Recognize food spoilage and learn how to prevent it
Many people do not think about the perils of food poisoning until they hear of one or more people getting sick from foods they have consumed. Foodborne illnesses send roughly 128,000 Americans to the hospital each year, and account for 3,000 deaths annually, states the Centers for Disease Control and Prevention. Roughly one in six people will get sick from a food they’ve consumed this year.
Food poisoning may occur when foods are not properly washed or cooked to adequate temperatures to kill pathogens. After eating foods that have been sitting out at room temperature for too long, which enables pathogens to multiply, people can easily get sick. Sometimes people get sick from food that has spoiled in the refrigerator or even in its original packaging. Learning about food spoilage and related illnesses can help people avoid falling victim to food poisoning.
Why food spoils
Food can spoil for many different reasons.
• Moisture: Foods that have a high water content can decompose more quickly than those that don’t. Moisture in foods allows microorganisms to dissolve food they use, and can cause chemical reactions to occur in foods. Molding, caking and lumping of products can result from humidity or moisture getting into drier foods. Condensation can cause bacteria and molds to grow.
• Oxygen: Oxidative spoilage can cause loss of fats and fatty portions of foods. Oxygen can affect food colors, and compromise the nutritional value and flavor of certain foods.
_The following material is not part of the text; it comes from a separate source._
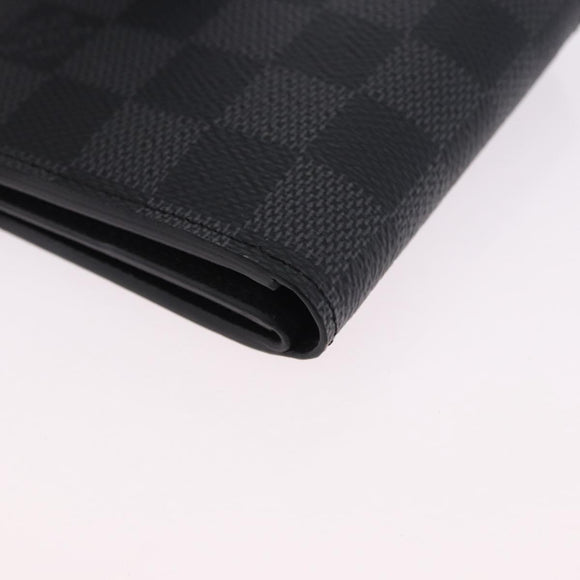 LOUIS VUITTON Damier Grafitte Portefeuille Amerigo Wallet N60053 LV Auth 191797M
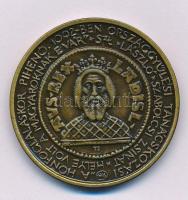 Tóth Sándor (1933-2019) 1986. "Szent László - A honfoglaláskor pihenő helye volt a magyaroknak e vár / Szabolcsi-Földvár" kétoldalas bronz emlékérem (42,5mm) T:AU patina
Vacuum packaging keeps air out of foods to prevent spoilage.
• Microorganisms: Certain microorganisms may be present on or in foods and will proliferate with moisture, heat and oxygen.
• Temperature: When temperatures are not controlled properly, food can spoil. It is essential that foods are stored, cooked and served at the proper temperature.
The Danger Zone
Pathogenic spoilage occurs when foods are exposed to temperatures between 40 F and 140F, which is dubbed “The Danger Zone.” The USDA recommends keeping cold food below 40 F (4.4 C) and hot food at or above 140 F (60 C) to prevent it from going bad.
Food preparation necessities
The CDC recommends these four steps to additionally prevent food spoilage and illness:
1. Clean: Wash hands and food-preparation surfaces often.
2. Separate: Do not cross-contaminate hands, surfaces and prepared foods with raw foods.
3. Cook: Cook all foods to the recommended temperature.
4. Chill: Refrigerate cold foods promptly. Germs can grow in as little as two hours at room temperature.
Recognize food spoilage
People without an acute sense of smell and eyesight, such as the elderly, may be at greater risk of food spoilage that can make them sick than younger people. Food that is going bad tends to develop unpleasant odors and textures. The health and food resource Nutronics Health says that most fresh or recently cooked food leftovers should only be stored in the refrigerator for three to four days. Showcase foods that will spoil quickly by keeping them in a visible spot. An Uncluttered Life advises discarding items that have been stored in the freezer for more than six months.
Staying safe and healthy means keeping an eye on how foods are handled and stored, and taking steps to prevent spoilage.